La llamada por muchos españoles “Boda del Siglo” acontecida el pasado sábado 22 de mayo en la Catedral de la Almudena en Madrid, entre don Felipe de Borbón y la periodista asturiana Letizia Ortiz Rocasolano ha traído a la palestra de las discusiones el tema de la obsolescencia de esas formas propias de la monarquía, que para muchos ya no debieran tener razón de ser en una sociedad tan transformada como la actual, en tanto que otros plantean preguntas como las que a continuación pudiéramos resumir:
¿Es justo que los impuestos que paga el pueblo sirvan para costear no sólo una boda en las que se reunieron una serie de personajes a los que la prensa del corazón ha hecho famosos, muchas veces solamente por el apellido que heredaron?
Yendo a más: ¿Es justo que las casas reales de los países donde subsiste la tradición monárquica, sean costeadas por esos mismos impuestos, cuando que la figura del rey o de la reina se ha convertido en figura decorativa por la reducción constitucional de sus atribuciones, para simplemente reinar pero no gobernar?
Nosotros en el entorno del Continente Americano quizá no comprendamos a fondo, posibles respuestas a estas interrogantes en las que subyace en otros muchos ciudadanos de esos países no sólo el respeto, sino inclusive el amor a la institución monárquica que se da en civilizados y progresistas Estados europeos y asiáticos de nuestros días.
Por ejemplo cuando se desencadenó esa imparable violencia entre naciones que habían sido caprichosamente conformadas en un país llamado Yugoslavia, por medio del Tratado de Versalles, muchos comentaristas serios llegaron a plantear que ese baño de sangre en la península balcánica hubiera podido ser evitado si la figura monárquica hubiera sido la aglutinante de tantas naciones, tal y como había sucedido durante el Imperio Austro-húngaro.
Haciendo caso a esa reflexión bien pudieran justificarse las monarquías británica, belga o española por citar unas, en las que los conflictos de las distintas naciones que conviven bajo las instituciones de un solo país, encuentran en la figura del rey que reina pero no gobierna, una imagen institucional que logra superar muchas diferencias, merced a que dicha figura no sufre del gran desgaste político que forzosamente tiene que afrontar quien debe tomar las difíciles decisiones polémicas diarias que reclama la dificultad de la convivencia política, social y económica de cualquier país civilizado, progresista, pluricultural y polifacético.

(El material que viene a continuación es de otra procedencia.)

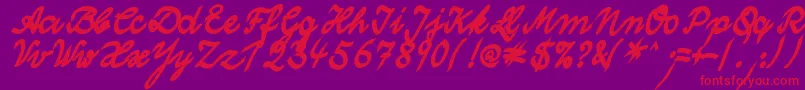 WolgastTwoBold-Schriftart – Rote Schriften auf violettem Hintergrund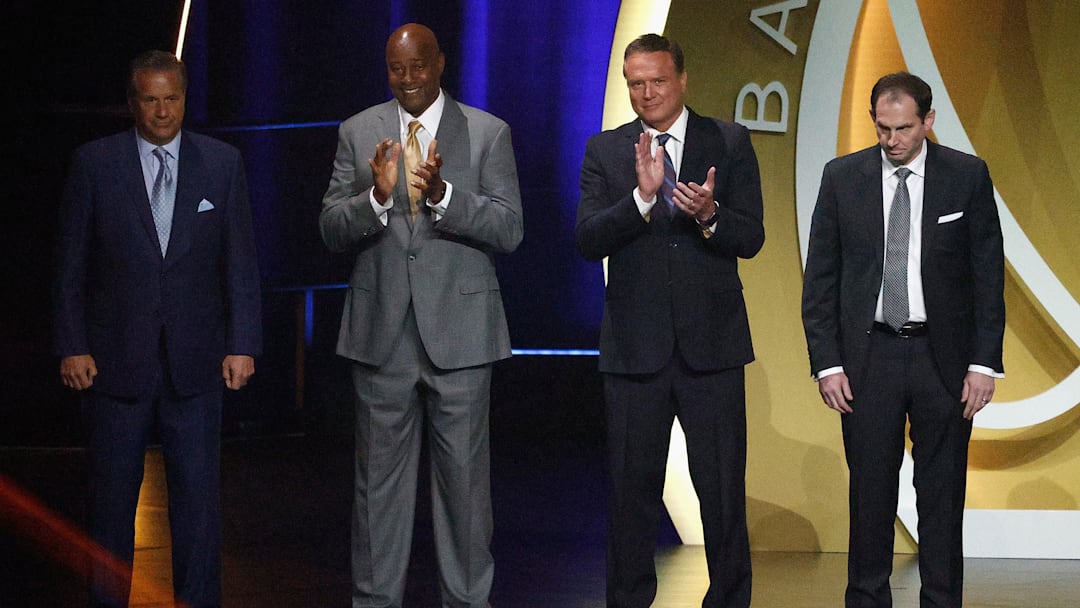 John Calipari (from left), Sidney Moncrief, Bill Self and Sean Sutton at the 2021 Basketball Hall of Fame Enshrinement Ceremony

Concretamente al rey Juan Carlos I hay que reconocerle un protagonismo insustituible en la construcción de la transición española hacia la democracia, que muy difícilmente se hubiera conseguido sin la existencia de esa figura que no gobierna, que sólo reina y que por ello está por encima de las eventualidades de una política diaria tremendamente desgastante de la figura del que gobierna, y si no hay qué ver cómo la popularidad de la casa real española ha sobrevivido a cinco presidentes del Gobierno de la transición.